SUPPLIED MATERIAL:
- - -
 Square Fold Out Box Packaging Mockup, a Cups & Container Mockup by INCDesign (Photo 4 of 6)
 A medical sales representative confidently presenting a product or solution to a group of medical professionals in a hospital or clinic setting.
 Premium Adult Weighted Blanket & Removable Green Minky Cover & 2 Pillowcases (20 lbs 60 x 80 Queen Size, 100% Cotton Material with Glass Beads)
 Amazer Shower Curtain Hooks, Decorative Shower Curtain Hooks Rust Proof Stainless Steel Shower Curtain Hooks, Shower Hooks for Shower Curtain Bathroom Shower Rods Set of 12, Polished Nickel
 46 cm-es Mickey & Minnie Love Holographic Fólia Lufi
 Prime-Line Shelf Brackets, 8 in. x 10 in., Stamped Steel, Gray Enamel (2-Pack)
- - -
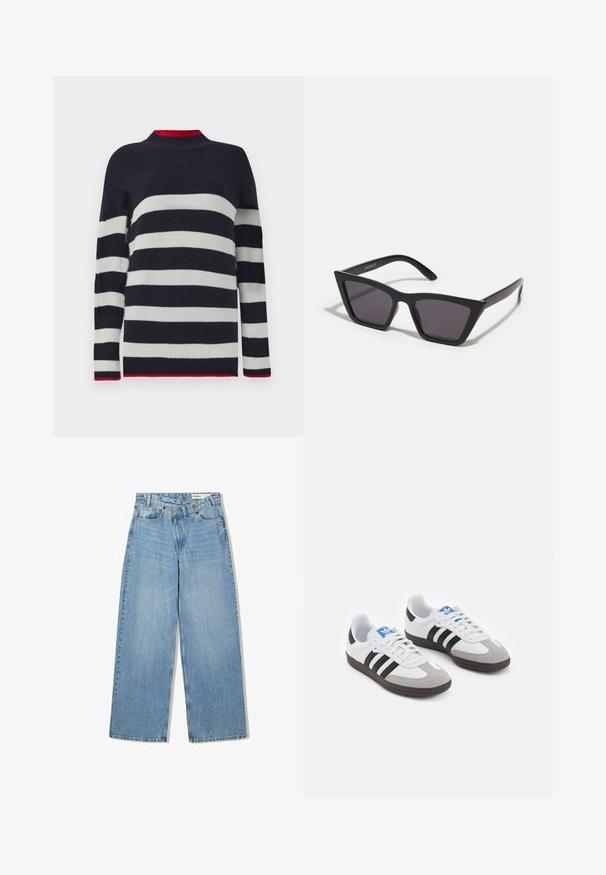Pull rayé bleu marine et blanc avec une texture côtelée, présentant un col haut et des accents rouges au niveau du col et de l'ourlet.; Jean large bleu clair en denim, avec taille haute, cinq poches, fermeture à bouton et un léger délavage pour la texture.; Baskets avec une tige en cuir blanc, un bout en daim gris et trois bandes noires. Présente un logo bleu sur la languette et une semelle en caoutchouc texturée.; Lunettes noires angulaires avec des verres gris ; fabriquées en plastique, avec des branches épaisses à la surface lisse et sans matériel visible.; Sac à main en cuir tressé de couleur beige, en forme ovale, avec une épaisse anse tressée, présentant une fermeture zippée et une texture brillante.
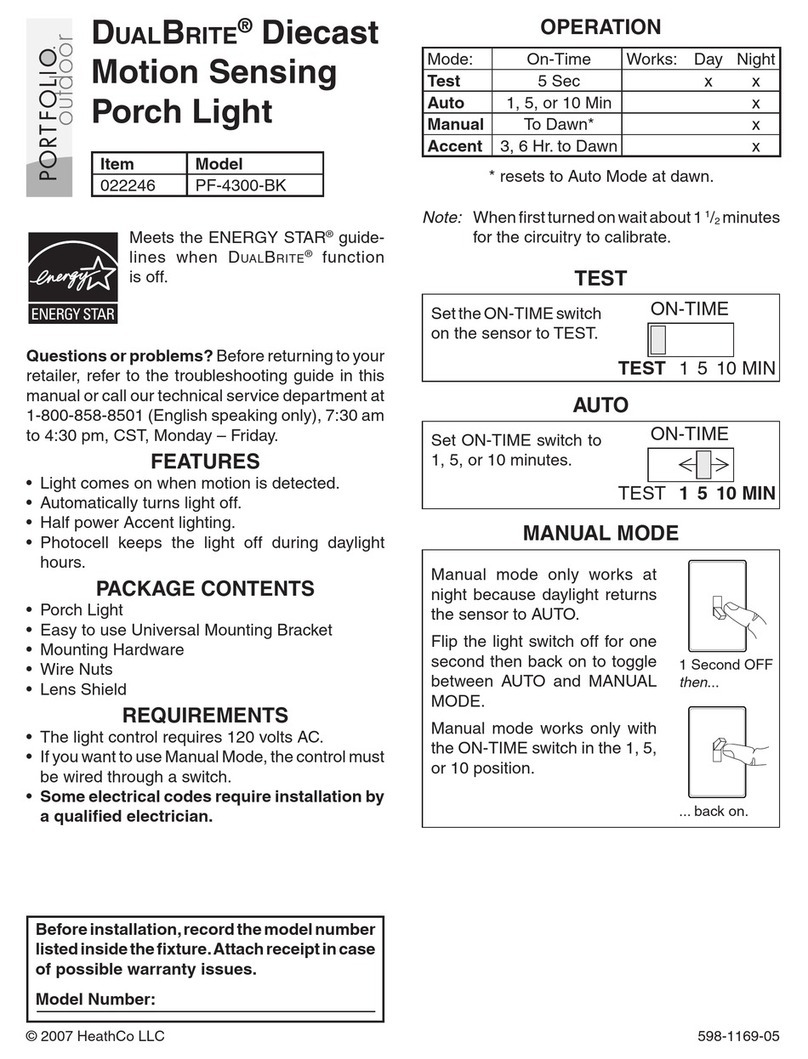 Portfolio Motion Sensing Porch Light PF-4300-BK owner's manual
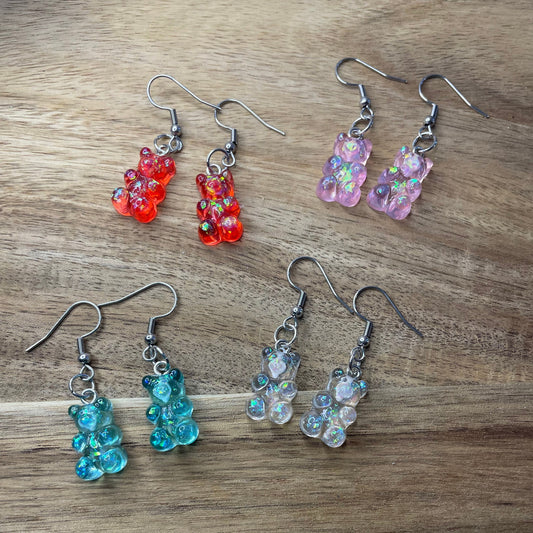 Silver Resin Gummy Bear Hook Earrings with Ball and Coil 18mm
- - -
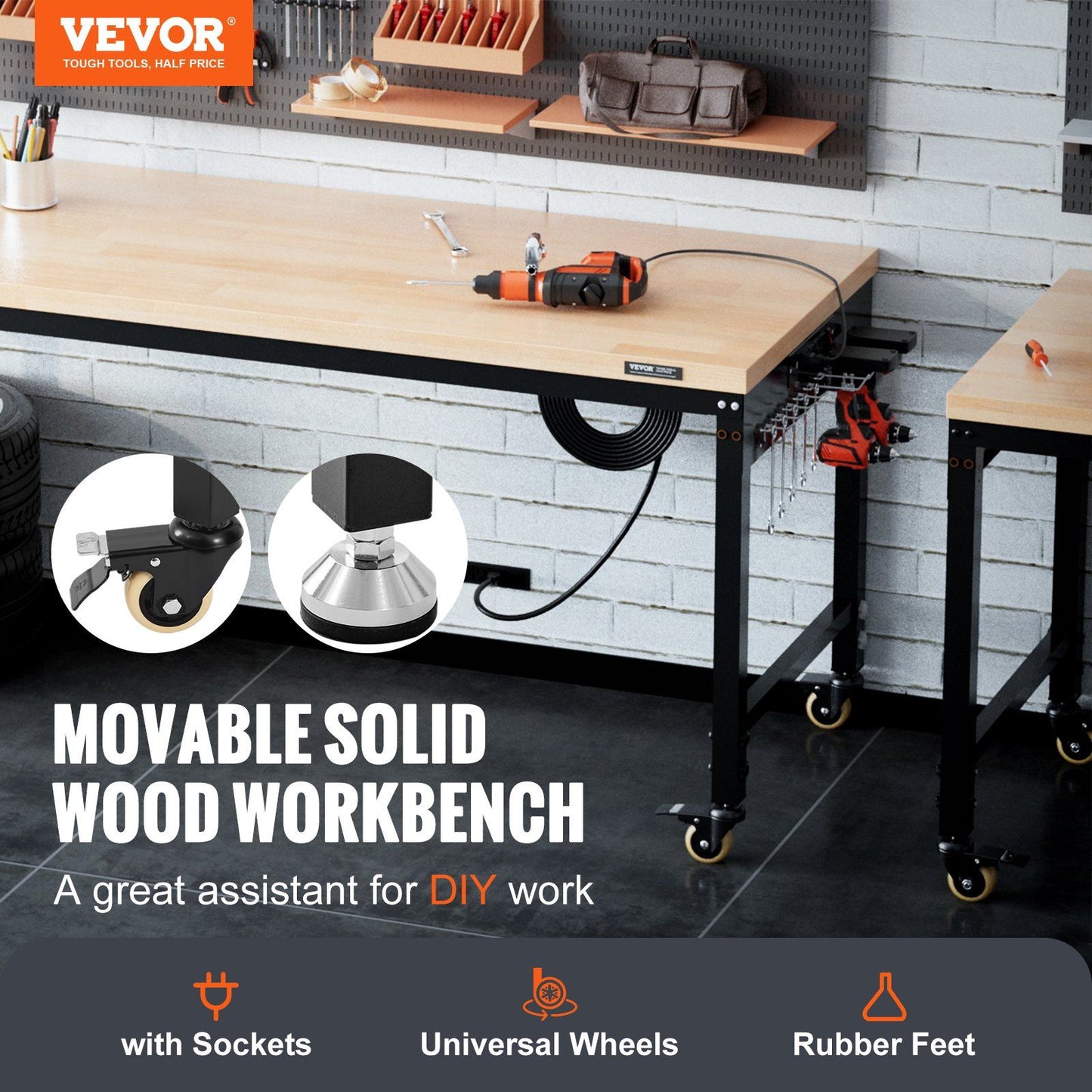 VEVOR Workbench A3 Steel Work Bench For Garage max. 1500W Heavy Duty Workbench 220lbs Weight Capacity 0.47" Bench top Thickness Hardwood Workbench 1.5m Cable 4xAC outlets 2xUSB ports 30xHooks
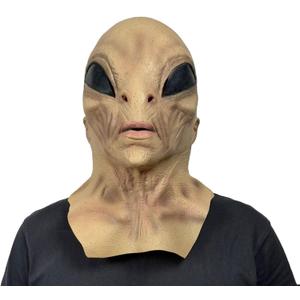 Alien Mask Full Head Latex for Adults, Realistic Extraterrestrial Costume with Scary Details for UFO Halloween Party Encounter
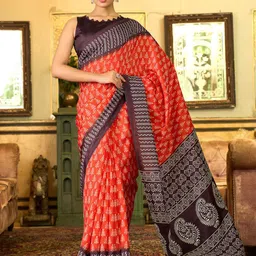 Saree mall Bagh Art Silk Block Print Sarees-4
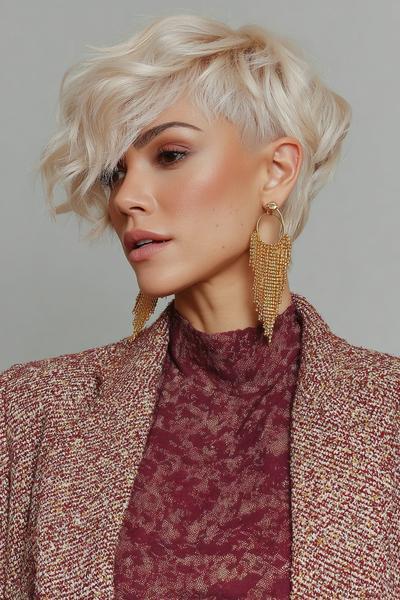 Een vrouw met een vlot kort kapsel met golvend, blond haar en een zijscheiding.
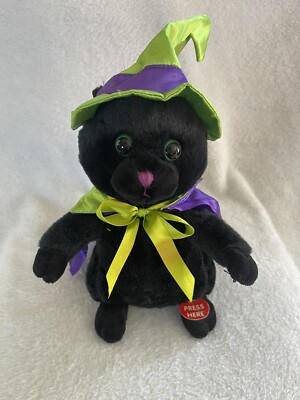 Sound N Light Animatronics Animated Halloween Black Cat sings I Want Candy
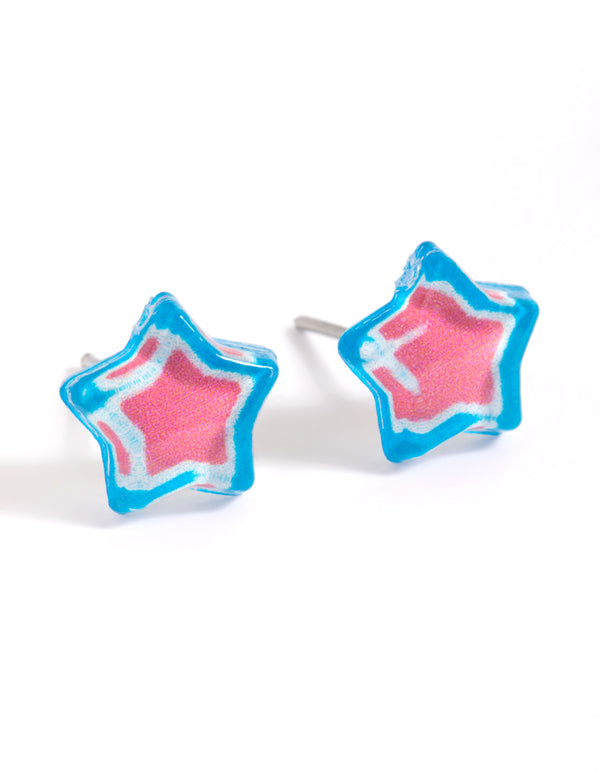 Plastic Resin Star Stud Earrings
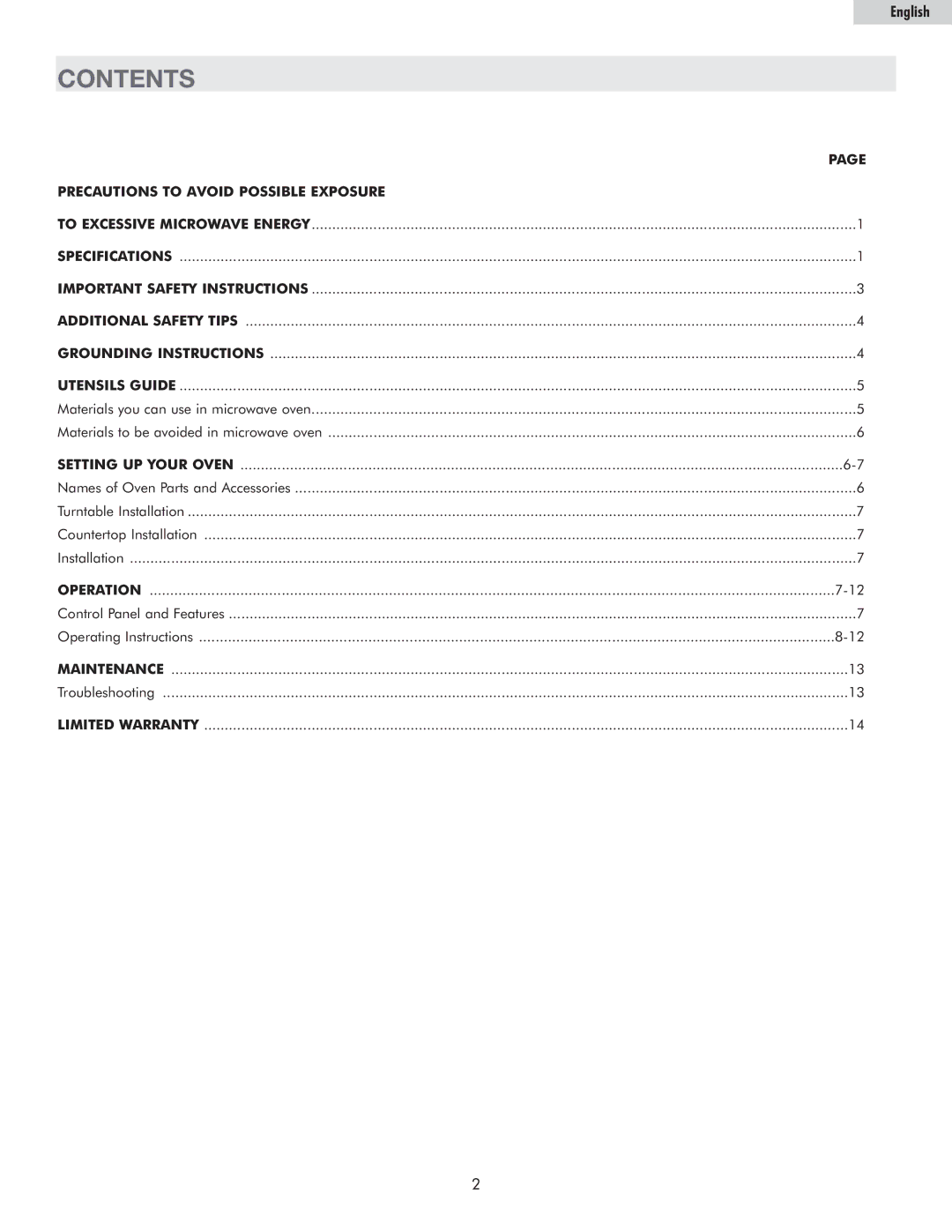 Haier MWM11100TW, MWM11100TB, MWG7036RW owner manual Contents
- - -
EXERCISE DESCRIPTION: Go back to the lines above and output, exactly as they stand, the ones from the line containing "Een vrouw met" to the line containing "Haier MWM11100TW, MWM11100TB, MWG7036RW". Leave all pictures behind.

RESPONSE AREA:
 Een vrouw met een vlot kort kapsel met golvend, blond haar en een zijscheiding.
 Sound N Light Animatronics Animated Halloween Black Cat sings I Want Candy
 Plastic Resin Star Stud Earrings
 Haier MWM11100TW, MWM11100TB, MWG7036RW owner manual Contents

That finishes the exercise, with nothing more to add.